DATASET CONTENT:
::::::::
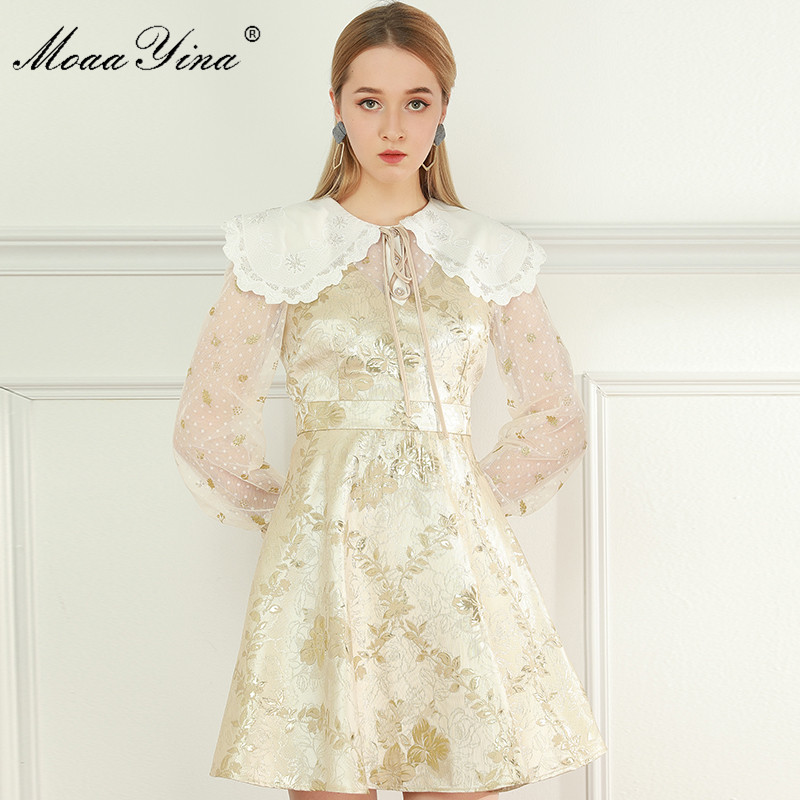 Fashion Designer dress Summer Women' Dress Mesh Long sleeve Jacquard Dresses 210524, Gold
Fashion Designer dress Summer Women' Dress Mesh Long sleeve Jacquard Dresses 210524, Gold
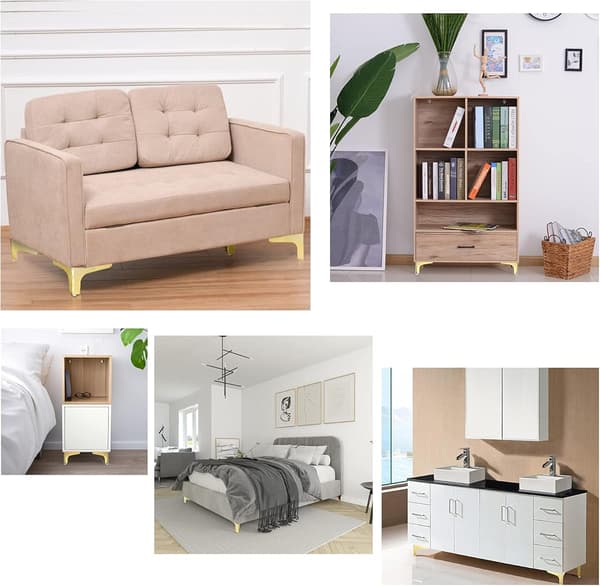 Sett med 4 Moderne Gull Metall Møbelben 10cm Moderne Møbelben Sofa Møbel Riser Føtter Erstatningsben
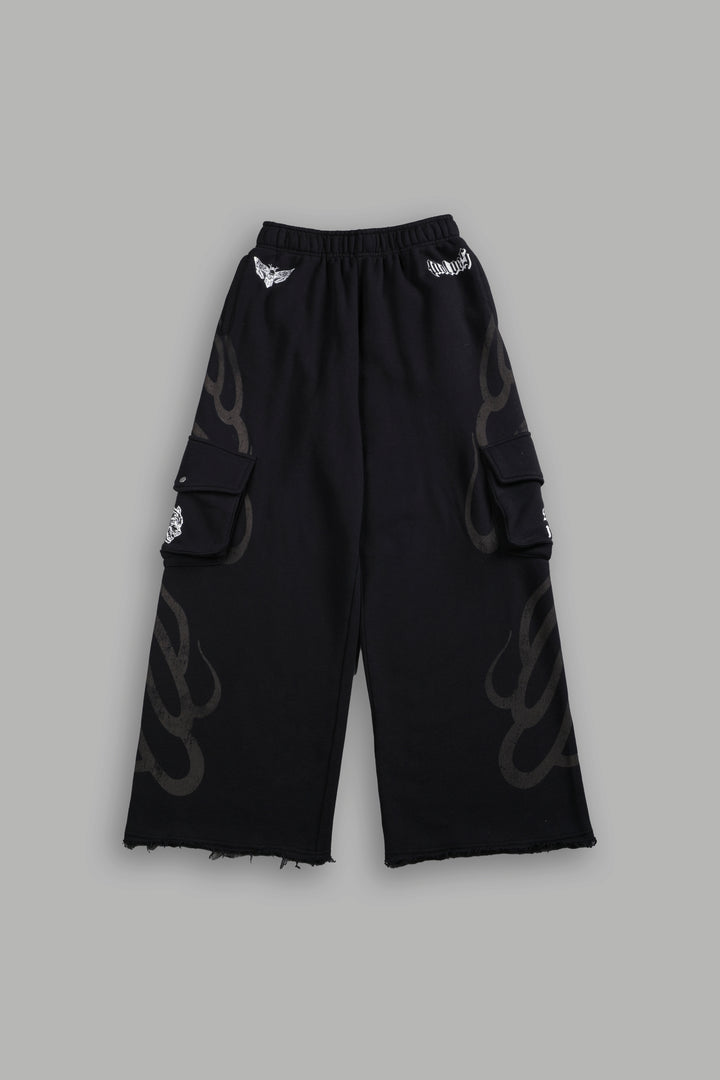Moth Flames Durst Cargo Sweats in Black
::::::::
REQUIREMENT:
All the material above should be written out exactly, with images omitted.

RESULT:
 Fashion Designer dress Summer Women' Dress Mesh Long sleeve Jacquard Dresses 210524, Gold
Fashion Designer dress Summer Women' Dress Mesh Long sleeve Jacquard Dresses 210524, Gold
 Sett med 4 Moderne Gull Metall Møbelben 10cm Moderne Møbelben Sofa Møbel Riser Føtter Erstatningsben
Moth Flames Durst Cargo Sweats in Black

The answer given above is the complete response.